A continuous-time echo state network (CTESN) is an implicitly trained machine learning framework for capturing the dynamics of stiff models. These are models with phase transitions, fast transient behavior, and are well-known to be numerically difficult. Across many domains we have shown the CTESN training procedure to be robust due to how it incorporates implicit features of stable differential equation solvers. All that we need to generate it is a chunk of simulations done beforehand, and what results is this really fast object that will predict the simulation behavior at new parameters.
How easy is it to compose surrogate models with normal ones in JuliaSim?
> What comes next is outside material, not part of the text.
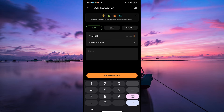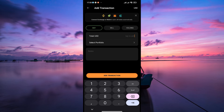Select the cryptocurrency you want to add a transaction for, then enter details such as the transaction type — buy, sell, transfer, etc. — date, quantity of coins, price per coin, and any transaction fees. Double-check all the information you've entered to ensure accuracy; this step is crucial for keeping your portfolio data precise.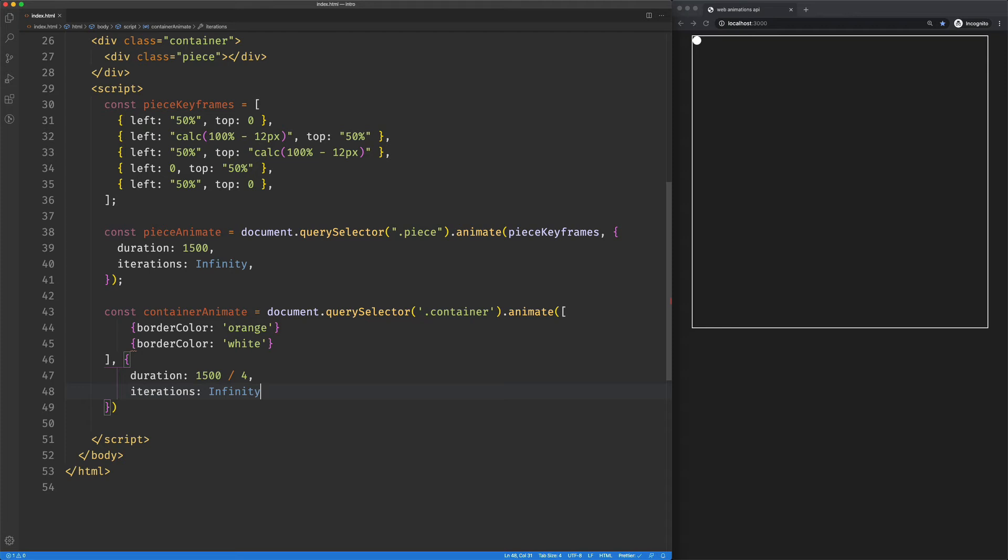And let's see. Oh, totally messed something up. Need a comma there. Cool. So that works.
What are the advantages of this approach?
The CTESN represents the surrogate of a differential equation model as a differential equation model. Because of this representation, it's not different from the other physical components. As long as you train it to cover the right states and observables, it will slot right into where you had the larger model before.
Paramount to surrogatization is the ability to check the accuracy of the surrogate model and its performance against the original one. How does JuliaSim tackle this? Are these metrics appropriately exposed to the user?
JuliaSim generates diagnostics of the surrogate training process to signal to the user important features like the projected maximum error over the timeseries over the user-defined parameter space. A lot of this is done through quasi-random sampling right now, though we are investigating more complex techniques to more quickly achieve good estimates.
Does JuliaSim run on top of JuliaHub or are they separate things? Is the pricing model expected to be the same?
JuliaSim is JuliaHub-based platform. JuliaSim users receive a subscription to a set of proprietary packages, such as the standard library and the surrogatization tools, which grants access to their use on JuliaHub. The pricing model of JuliaSim is simply the subscription and pay-for-compute, so users only pay for what they use but have access to the full suite.
Will there be a GUI for modeling or will we mostly have to write all the Julia code explicitly?
There will be many GUIs! The first GUI that we are building is more pharmaceutical modeling focused given our early customer base and connections with Pumas-AI. This allows for quickly building chemical reaction network and systems pharmacology models, and representing models in a visual form for presentations and reporting. It also will serve as the basis for visual programming of compartmental models in pharmacokinetics. We also will have a GUI at launch which simplifies the FMU surrogatization process, allowing non-Julia users to quickly accelerate their FMUs by entering in parameter information and clicking "surrogatize". We have other GUIs planned for the near future as well, such as GUIs for block diagrams and acausal modeling, along with 3D visualization tools.
JuliaSim is launching pretty soon; what can we expect from this first version? What features are next?
JuliaSim's first beta will be launching fairly soon. I wouldn't call it the first version quite yet, though the beta will already be usable as we have been working with a group of customers to showcase the performance advantage for their specific applications. The first release will be a mix of GUIs, cloud parallel surrogatization, and standard libraries. And for the future we are aiming for a lot more. The full vision of JuliaSim is expressed in the JuliaCon 2021 video so refer to that for more details.